Records excerpted from a collection:
──────────
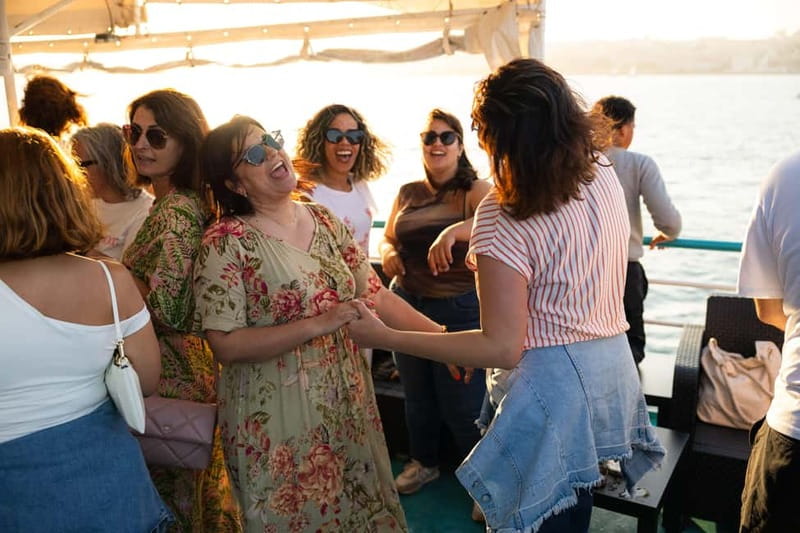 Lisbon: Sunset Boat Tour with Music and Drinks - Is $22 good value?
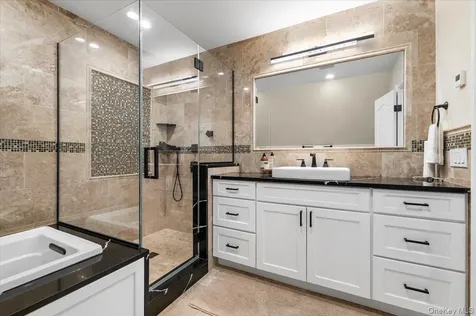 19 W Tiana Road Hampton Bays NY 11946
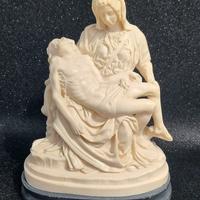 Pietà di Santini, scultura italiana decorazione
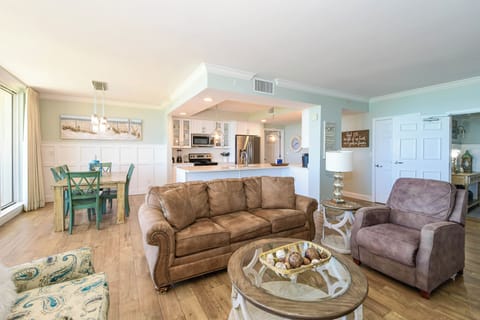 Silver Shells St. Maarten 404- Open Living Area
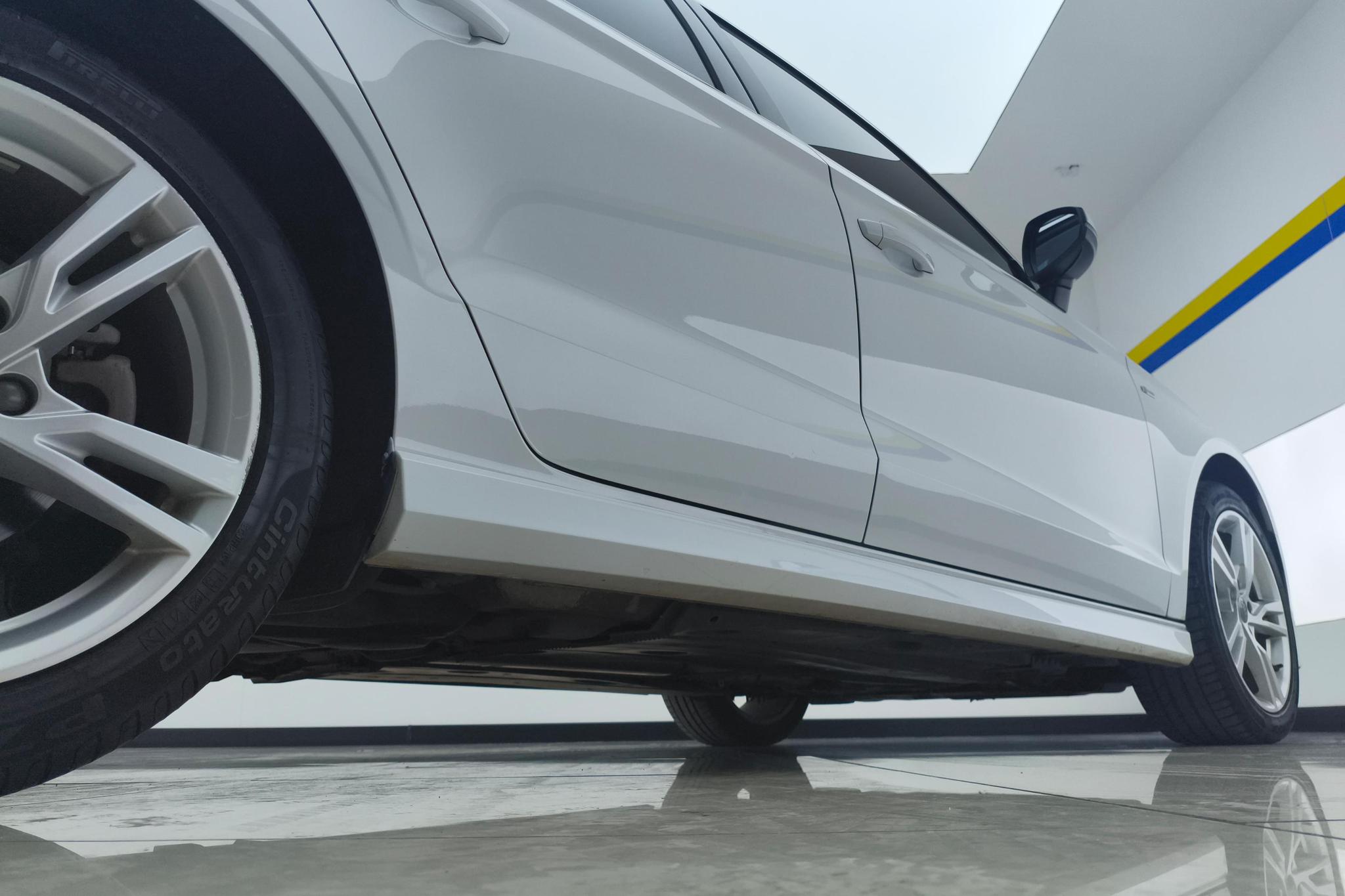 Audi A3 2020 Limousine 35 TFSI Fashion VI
──────────
→ **Exercise prompt**
Each record must be repeated exactly, and no picture may be carried over.

→ **Result of the exercise**
 Lisbon: Sunset Boat Tour with Music and Drinks - Is $22 good value?
 19 W Tiana Road Hampton Bays NY 11946
 Pietà di Santini, scultura italiana decorazione
 Silver Shells St. Maarten 404- Open Living Area
 Audi A3 2020 Limousine 35 TFSI Fashion VI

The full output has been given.